Realtor Claude Smith has watched the neighborhood change—and not—over many years. “It’s always been a mixed bag,” he says, describing the residents. “It’s still one of the broadest cross-sections of buyers you’ll see in Austin.”
Smith is referring mainly to economic diversity. Cuernavaca is more ethnically diverse than many adjacent areas, but only slightly so. He attributes the broad attraction to it being right on the water and the most affordable option in the Eanes school district. But the lifestyle is a draw too. “Cuernavaca is something of a last frontier out here,” he says.
Residents are loyal to the neighborhood and protective of their heritage, but that doesn’t mean that things aren’t changing. Newer subdivisions like Bella Lago boast manicured lawns and curbs, a departure from the typical Cuernavaca scruffiness. Many of the newer waterfront properties would be at home in any of Austin’s most expensive enclaves.
Some residents see a tipping point. “The trailers will be gone in five years,” says Turk Pipkin, a writer and filmmaker who has lived at the end of Cuernavaca Road for 27 years. Pipkin worries that rising property values and taxes will inevitably make the neighborhood more homogeneous. “Old-school hippie artists and musicians are an important part of the neighborhood,” he says, “but they’re going to be priced out soon.”
Not everyone is worried about Cuernavaca turning into just another waterfront neighborhood. Funkiness still abounds.

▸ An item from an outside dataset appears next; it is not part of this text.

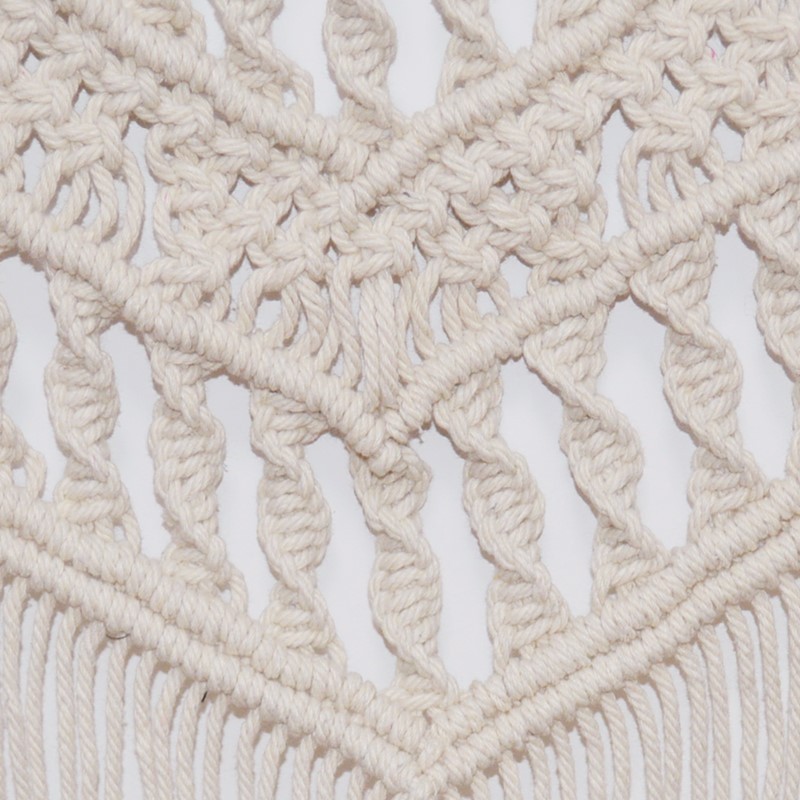 Bohemian Handwoven Macramé Wall Hanging · 7363 2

There’s a robust arts coop-erative, the annual Cuerny Jam music festival, a variety of clubs catering to sundry interests and directions to many homes still include “Turn off the paved road.”
And there are plenty of new residents committed to perpetuating the Cuerny lifestyle. Jennifer Harris-Rubino, a design executive, moved to Cuernavaca from East Austin four years ago, drawn partly by the uniqueness. “It’s like taking part of East Austin and dropping it into Westlake,” says Harris-Rubino. She knows things won’t always stay the same, but she also expresses appreciation for Cuernavaca’s history of going against the grain. “We know things will change, but we’ll definitely lean into it.”